Code the compressed version of the data (narrow training sample) via the encoder part of the autoencoder.

# Solution: Use the encoder model to compress data
# The encoder was already built above:
# encoder_model = Model(inputs=input_layer, outputs=encoded)

# Compress the full training data
X_compressed_full = encoder_model.predict(X_train)

# Create a DataFrame with the compressed features
compressed_df = pd.DataFrame(
    X_compressed_full,
    columns=['AE1', 'AE2', 'AE3', 'AE4']
)

print("Compressed data shape:", compressed_df.shape)
print("\nFirst few rows:")
compressed_df.head()

# Compare compression quality: correlation between original and reconstructed
X_reconstructed = ae_model.predict(X_train)

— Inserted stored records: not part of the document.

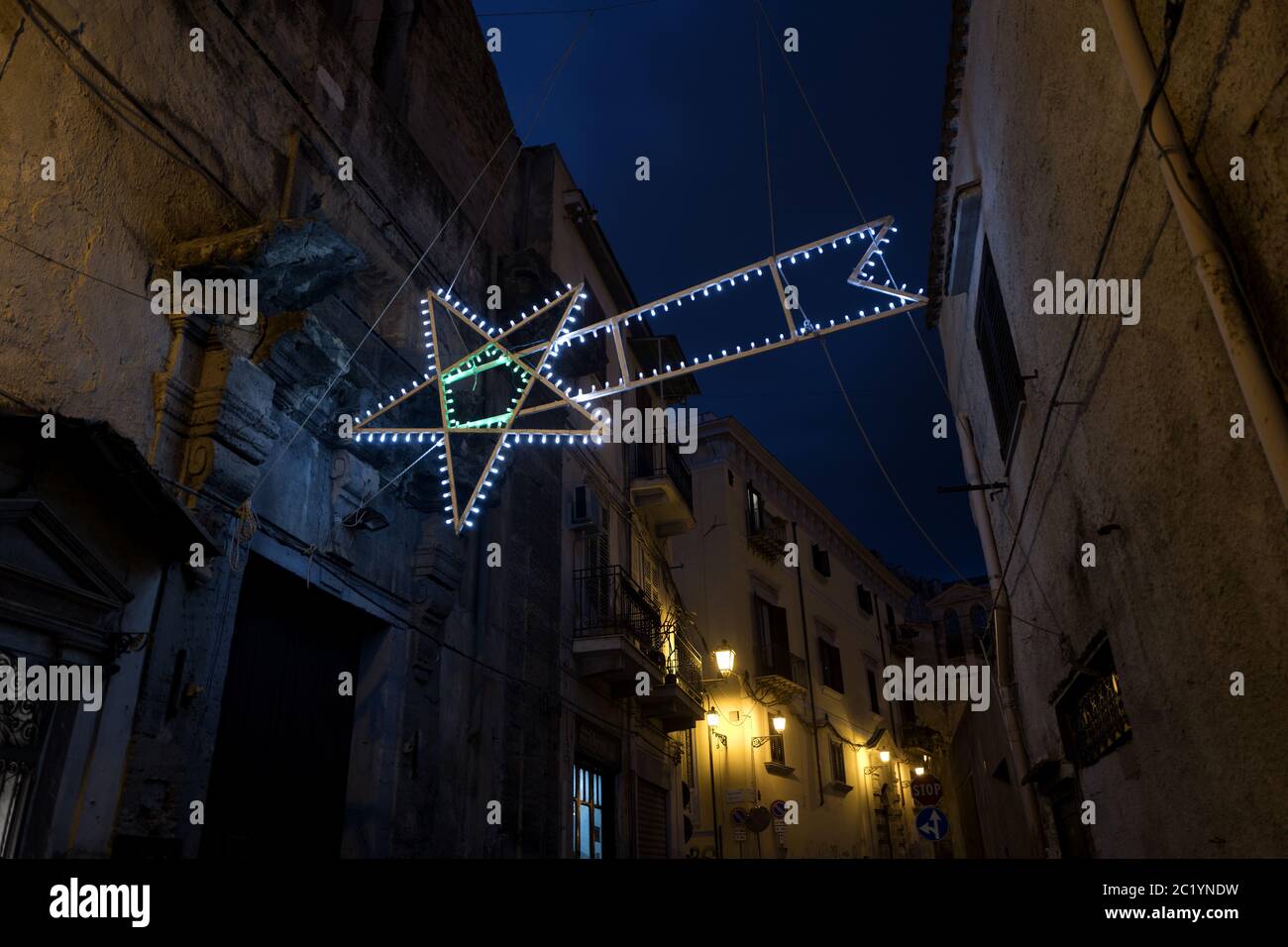 Lumières de Noël illuminées la nuit dans le centre-ville historique, site classé au patrimoine mondial de l'UNESCO, à Palerme. Banque D'Images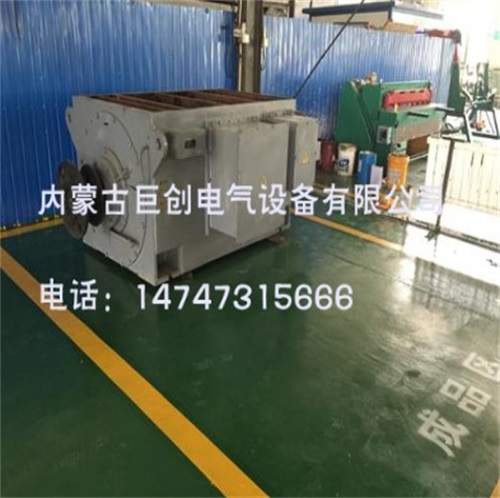 維修中的風力發(fā)電機2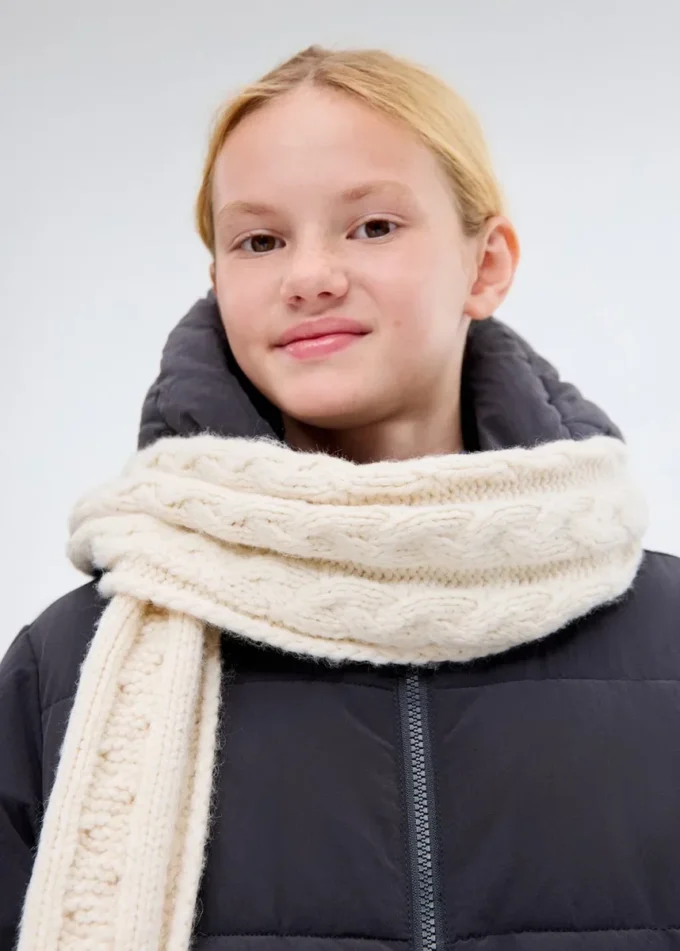 Piumino con cappuccio Piumino con cappuccio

# Compute correlation for each feature
correlations = []
for i, feat in enumerate(features_short):
    corr = np.corrcoef(X_train[:, i], X_reconstructed[:, i])[0, 1]
    correlations.append(corr)

print("Reconstruction quality (correlation original vs reconstructed):")
for feat, corr in zip(features_short, correlations):
    print(f"  {feat}: {corr:.4f}")

print(f"\nMean correlation: {np.mean(correlations):.4f}")

References¶

Meyer, C. D. (2000). Matrix analysis and applied linear algebra (Vol. 71). SIAM.
Connor, G., & Korajczyk, R. A. (1988). Risk and return in an equilibrium APT: Application of a new test methodology. Journal of Financial Economics, 21(2), 255–289.
Lettau, M., & Pelger, M. (2020). Estimating Latent Asset-Pricing Factors. Journal of Econometrics, 218(1), 1–31.
Lettau, M., & Pelger, M. (2020). Factors that Fit the Time Series and Cross-Section of Stock Returns. Review of Financial Studies, 33(5), 2274–2325.
Gu, S., Kelly, B. T., & Xiu, D. (2021). Autoencoder Asset Pricing Models. Journal of Econometrics, 222(1), 429–450.
Ripley, B. D. (2007). Pattern recognition and neural networks. Cambridge University Press.
Boriah, S., Chandola, V., & Kumar, V. (2008). Similarity measures for categorical data: A comparative evaluation. Proceedings of the 2008 SIAM International Conference on Data Mining, 243–254.
Bailey, T., & Jain, A. K. (1978). A note on distance-weighted k-nearest neighbor rules. IEEE Trans. On Systems, Man, Cybernetics, 8(4), 311–313.
Bhatia, N., & others. (2010). Survey of nearest neighbor techniques. arXiv Preprint, 1007.0085.
Ghosh, A. K. (2006). On optimum choice of k in nearest neighbor classification. Computational Statistics & Data Analysis, 50(11), 3113–3123.
Hall, P., Park, B. U., Samworth, R. J., & others. (2008). Choice of neighbor order in nearest-neighbor classification. Annals of Statistics, 36(5), 2135–2152.
Chen, Y., & Hao, Y. (2017). A feature weighted support vector machine and K-nearest neighbor algorithm for stock market indices prediction. Expert Systems with Applications, 80, 340–355.